Nexo Finance Accused of Being Behind Zeus Capital and Chainlink Short
Nexo Finance has been accused of being behind the suspicious asset management firm that sought to short Chainlink (LINK) after social media users saw Zeus Capital’s source code pointing to its website.
Twitter users found a connection between Zeus Capital, who days ago called Link “crypto’s Wirecard,” and Nexo Finance on the Zeus Capital website. Embedded within the Zeus website source code were several instances of Typeform links connected to Nexo’s website. Typeform, which lets users create forms, is also used by Nexo on its own site to let users sign up for their newsletter.
Credit: @ChainLinkGod
Other users questioned if Nexo’s head of digital asset research Simeon Rusanov was involved in shorting LINK attaching images that could point to some involvement. This has been strongly denied by Nexo on its Telegram channel.
Zeus Capital released a report announcing it will short LINK with a target of 99% gains. The report, however, featured no citations and no working links. Analysts believed the report was authored maliciously. Cointelegraph attempted to contact Zeus Capital but its phone number in London was disconnected and its Hong Kong office diverted to voicemail.
In its Telegram channel, Nexo said the accusations that it’s behind Zeus Capital is “a cheap attempt at Chainlink’s and Nexo’s joint efforts and good work.”

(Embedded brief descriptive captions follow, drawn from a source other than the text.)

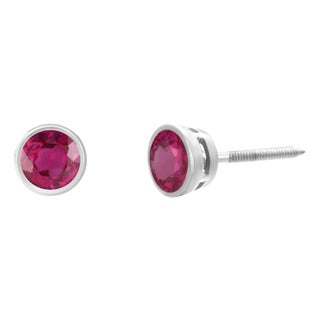 14 Karat White Gold Round Ruby Stud Earrings Weighing 0.80 Carat Screw Back Post - 2 Pieces For Sale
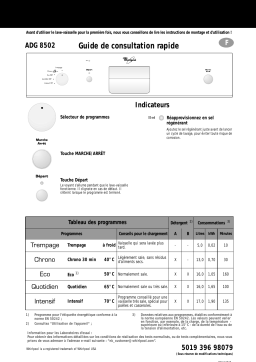 Whirlpool ADG 8502 NB Dishwasher Manuel utilisateur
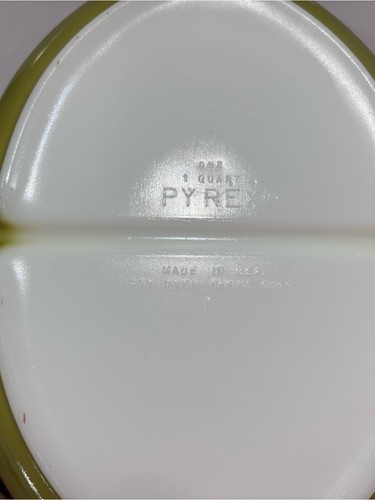 Vintage Pyrex 082 Spring Blossom Green Crazy Daisy 1qt Dish - photo 5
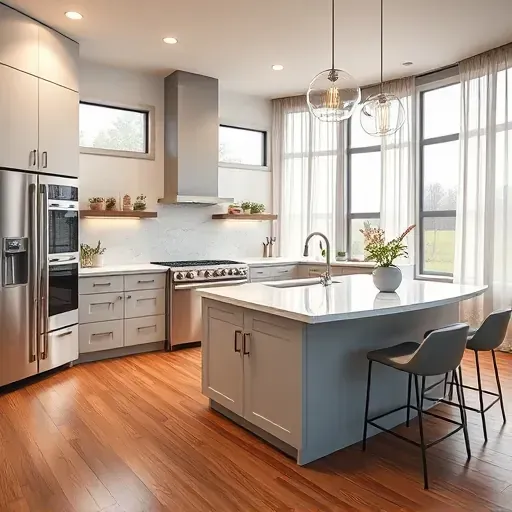 Renovated kitchen in West Chester Township, featuring modern cabinetry, quartz countertops, large island, and natural lighting.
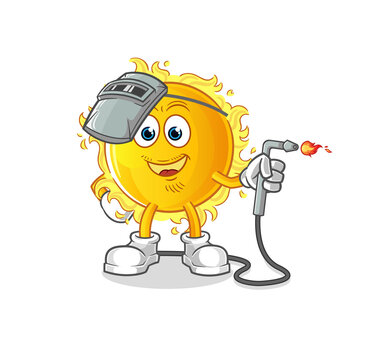 recommend clip art: sun welder mascot. cartoon vector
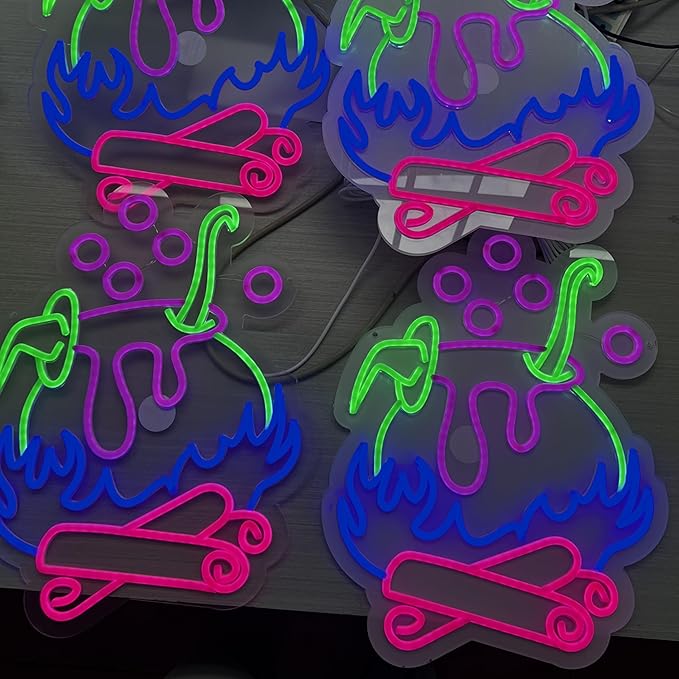 "Witch Brew" Cauldron Neon Sign - Spooky LED Cauldron Wall Art, Spooky Halloween, Witch's Brew Led Sign, Witch Pot Neon Light for Halloween Led Sign Halloween Decorations Party Decor Home Bar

“Nexo had nothing to do with this and its author is trying to insinuate such a connection through false flag stuff that Nexo is somehow involved. The most probable explanation is that we are Chainlink’s mosy recent partnership, we have staff who are well versed on the Chainlink subject, and because our OTC desks deals in LINK.”
The company admitted the Typeform link is indeed theirs but noted the same link has been used by its team for different marketing purposes and can be easily accessed by anyone and copied. Nexo also asked people to stop harassing Rusanov.
LINK surged 370% year-to-date and is now the ninth-largest crypto by market cap though some critics argue its strong increase may be a speculative bubble and a correction may be coming.